Live

SOUTHERN CULTURE ON THE SKIDS

PLUSH

Wednesday, Sept. 15

Even though I don't eat meat, fried chicken remains one of my favorite subjects for song lyrics.

Plush was a great place to see rock 'n' roll workhorse Southern Culture on the Skids, because you could stand by the door while they played and wallow in the occasional breeze while smelling a little cigarette smoke. The band won't wave it in your face that drinking, smoking and eating badly are the best ways to live, but they will remind you.

Since 1983, Southern Culture on the Skids has played a Southern-tinged combination of surf rock, country music and old-style rhythm-and-blues. The band is versed in all forms of reverb-ridden riffage and pulls it off with a heavy dose of vice-driven humor.

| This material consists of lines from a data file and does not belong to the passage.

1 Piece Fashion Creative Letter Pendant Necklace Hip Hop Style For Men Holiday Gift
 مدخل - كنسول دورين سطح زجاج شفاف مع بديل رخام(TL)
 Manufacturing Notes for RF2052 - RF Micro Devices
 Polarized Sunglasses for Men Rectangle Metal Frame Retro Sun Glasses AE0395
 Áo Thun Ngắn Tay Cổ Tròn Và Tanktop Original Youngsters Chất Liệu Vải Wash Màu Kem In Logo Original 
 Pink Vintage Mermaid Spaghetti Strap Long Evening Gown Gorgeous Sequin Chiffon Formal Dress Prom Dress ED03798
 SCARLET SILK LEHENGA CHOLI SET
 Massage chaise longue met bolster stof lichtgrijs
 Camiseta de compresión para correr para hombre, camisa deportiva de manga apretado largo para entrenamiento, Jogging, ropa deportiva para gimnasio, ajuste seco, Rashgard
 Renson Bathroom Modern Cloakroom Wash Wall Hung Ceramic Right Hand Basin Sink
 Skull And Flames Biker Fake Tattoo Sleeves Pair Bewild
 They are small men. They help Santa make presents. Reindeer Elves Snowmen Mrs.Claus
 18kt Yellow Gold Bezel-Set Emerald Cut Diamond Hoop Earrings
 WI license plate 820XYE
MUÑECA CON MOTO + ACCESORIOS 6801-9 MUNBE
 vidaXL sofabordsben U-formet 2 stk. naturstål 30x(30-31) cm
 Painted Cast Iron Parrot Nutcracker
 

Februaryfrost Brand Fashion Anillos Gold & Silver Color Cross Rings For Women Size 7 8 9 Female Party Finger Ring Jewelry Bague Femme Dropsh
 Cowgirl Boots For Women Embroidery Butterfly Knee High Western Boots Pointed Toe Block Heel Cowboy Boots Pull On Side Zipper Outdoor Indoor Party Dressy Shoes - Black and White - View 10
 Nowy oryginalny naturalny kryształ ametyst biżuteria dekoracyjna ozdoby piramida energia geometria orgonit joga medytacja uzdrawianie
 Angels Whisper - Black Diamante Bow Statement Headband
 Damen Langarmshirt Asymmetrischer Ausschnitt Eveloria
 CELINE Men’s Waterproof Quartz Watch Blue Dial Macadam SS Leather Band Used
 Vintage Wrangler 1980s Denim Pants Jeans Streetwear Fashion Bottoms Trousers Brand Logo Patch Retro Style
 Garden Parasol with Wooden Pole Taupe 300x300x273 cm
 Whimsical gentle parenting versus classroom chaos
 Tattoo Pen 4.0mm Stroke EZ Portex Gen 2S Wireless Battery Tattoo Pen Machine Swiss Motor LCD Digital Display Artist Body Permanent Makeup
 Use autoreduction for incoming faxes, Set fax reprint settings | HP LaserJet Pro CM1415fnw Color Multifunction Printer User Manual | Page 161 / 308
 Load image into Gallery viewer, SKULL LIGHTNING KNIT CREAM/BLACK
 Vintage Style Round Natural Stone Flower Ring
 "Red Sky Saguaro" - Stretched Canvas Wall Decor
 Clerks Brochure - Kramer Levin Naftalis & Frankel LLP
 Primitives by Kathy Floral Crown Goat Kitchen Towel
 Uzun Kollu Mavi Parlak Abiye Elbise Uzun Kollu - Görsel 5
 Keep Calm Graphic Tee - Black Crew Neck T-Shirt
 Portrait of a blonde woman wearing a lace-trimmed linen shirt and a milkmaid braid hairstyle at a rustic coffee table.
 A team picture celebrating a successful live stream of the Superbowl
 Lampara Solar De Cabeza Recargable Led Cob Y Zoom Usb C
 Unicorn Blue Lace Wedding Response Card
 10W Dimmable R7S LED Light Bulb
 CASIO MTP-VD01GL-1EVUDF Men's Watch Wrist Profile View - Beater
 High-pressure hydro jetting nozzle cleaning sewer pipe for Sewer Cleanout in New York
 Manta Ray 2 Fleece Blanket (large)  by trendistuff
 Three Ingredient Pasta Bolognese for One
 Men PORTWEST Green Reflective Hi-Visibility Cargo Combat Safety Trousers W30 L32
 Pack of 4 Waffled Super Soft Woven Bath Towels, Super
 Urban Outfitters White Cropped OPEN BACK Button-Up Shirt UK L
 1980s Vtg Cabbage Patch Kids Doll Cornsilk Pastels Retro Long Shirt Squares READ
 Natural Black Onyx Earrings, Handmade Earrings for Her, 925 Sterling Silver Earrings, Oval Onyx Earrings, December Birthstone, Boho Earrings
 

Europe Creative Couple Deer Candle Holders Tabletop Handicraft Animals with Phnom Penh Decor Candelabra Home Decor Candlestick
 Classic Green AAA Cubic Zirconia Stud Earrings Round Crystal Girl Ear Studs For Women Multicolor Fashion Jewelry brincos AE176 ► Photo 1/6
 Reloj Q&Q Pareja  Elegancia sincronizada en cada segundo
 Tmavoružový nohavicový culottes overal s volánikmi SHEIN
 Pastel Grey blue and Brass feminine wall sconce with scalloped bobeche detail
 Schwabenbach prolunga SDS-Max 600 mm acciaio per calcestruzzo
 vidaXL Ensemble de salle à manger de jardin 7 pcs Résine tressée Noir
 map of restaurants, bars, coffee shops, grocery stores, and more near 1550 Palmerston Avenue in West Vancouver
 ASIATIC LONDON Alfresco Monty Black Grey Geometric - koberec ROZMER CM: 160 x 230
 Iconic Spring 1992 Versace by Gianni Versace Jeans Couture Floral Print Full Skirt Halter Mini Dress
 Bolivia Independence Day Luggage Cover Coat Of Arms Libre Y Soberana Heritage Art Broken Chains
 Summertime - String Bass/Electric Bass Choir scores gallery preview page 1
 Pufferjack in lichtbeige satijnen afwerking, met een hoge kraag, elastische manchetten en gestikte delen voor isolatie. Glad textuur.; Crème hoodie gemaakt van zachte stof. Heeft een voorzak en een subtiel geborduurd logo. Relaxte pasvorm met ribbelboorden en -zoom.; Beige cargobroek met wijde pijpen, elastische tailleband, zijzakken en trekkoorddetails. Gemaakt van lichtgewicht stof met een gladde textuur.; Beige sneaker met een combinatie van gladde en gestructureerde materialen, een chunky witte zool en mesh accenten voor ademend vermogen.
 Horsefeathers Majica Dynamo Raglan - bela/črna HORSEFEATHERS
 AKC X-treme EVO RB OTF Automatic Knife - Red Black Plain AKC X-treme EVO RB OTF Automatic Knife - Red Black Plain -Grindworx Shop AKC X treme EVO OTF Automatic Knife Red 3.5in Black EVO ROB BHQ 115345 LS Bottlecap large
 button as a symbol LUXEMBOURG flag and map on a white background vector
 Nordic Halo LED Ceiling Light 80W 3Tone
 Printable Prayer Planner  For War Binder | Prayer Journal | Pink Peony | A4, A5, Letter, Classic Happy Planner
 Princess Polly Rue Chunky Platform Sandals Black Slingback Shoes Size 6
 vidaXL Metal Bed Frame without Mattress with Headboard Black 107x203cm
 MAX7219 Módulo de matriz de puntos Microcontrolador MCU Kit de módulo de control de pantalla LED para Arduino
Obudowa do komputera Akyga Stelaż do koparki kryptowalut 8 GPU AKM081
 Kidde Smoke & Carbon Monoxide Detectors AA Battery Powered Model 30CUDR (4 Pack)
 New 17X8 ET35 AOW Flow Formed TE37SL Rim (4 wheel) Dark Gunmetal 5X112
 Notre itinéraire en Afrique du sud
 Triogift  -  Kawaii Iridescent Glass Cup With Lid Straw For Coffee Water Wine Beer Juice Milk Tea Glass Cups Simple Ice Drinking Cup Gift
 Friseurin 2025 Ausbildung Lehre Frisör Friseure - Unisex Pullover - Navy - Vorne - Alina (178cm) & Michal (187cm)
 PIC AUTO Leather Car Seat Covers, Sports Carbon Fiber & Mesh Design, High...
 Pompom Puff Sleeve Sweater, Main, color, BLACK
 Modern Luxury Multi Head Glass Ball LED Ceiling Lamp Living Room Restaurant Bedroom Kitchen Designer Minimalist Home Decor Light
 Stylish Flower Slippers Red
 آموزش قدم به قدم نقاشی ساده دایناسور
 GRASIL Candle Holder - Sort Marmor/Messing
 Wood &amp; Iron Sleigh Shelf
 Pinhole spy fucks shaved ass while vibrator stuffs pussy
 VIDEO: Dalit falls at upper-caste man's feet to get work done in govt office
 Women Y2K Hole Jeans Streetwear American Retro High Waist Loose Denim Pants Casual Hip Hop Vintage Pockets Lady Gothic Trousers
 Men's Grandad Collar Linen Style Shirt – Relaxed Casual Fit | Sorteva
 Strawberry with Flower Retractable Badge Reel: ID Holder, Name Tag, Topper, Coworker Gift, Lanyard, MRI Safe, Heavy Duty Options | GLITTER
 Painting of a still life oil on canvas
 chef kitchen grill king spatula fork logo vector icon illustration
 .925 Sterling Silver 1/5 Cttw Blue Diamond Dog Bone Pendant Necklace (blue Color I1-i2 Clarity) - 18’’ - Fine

During the first hour of the Plush show, the band pulled heavily from its latest release, The Kudzu Ranch. In some cases, the technique of hoarding the old stuff could be seen as a ploy to hold the audience's attention, but in this instance, the set list served as a testament to the band's longevity. The crowd reacted to new songs like "My Neighbor Burns Trash" and "Highlife" as enthusiastically as SCOTS standards such as "Banana Puddin'" and their top- shelf cover of the Shirley Ellis standard "The Nitty Gritty." Perhaps too enthusiastically: A few middle-age couples were compelled to make out periodically throughout the show, but bad behavior across the board was excused. Everyone seemed to be having fun for their own reasons, and that's never a bad thing.

Better-known songs were reserved for the end of the set, when everyone was settled in. But nobody was in a hurry to get there, and rightfully so. The band's performance was a slow burn during their more surf-inspired fare, where the riffs are evoked from the layer of water that hovers over the exposed asphalt. When the band swelled up, they gave off that feeling you get when you get too close to a hot grill—but you don't mind, for some reason.

Southern Culture on the Skids doesn't seem to be going anywhere. Like a cocktail party in the back of an old car at sundown, you hope the show will never end.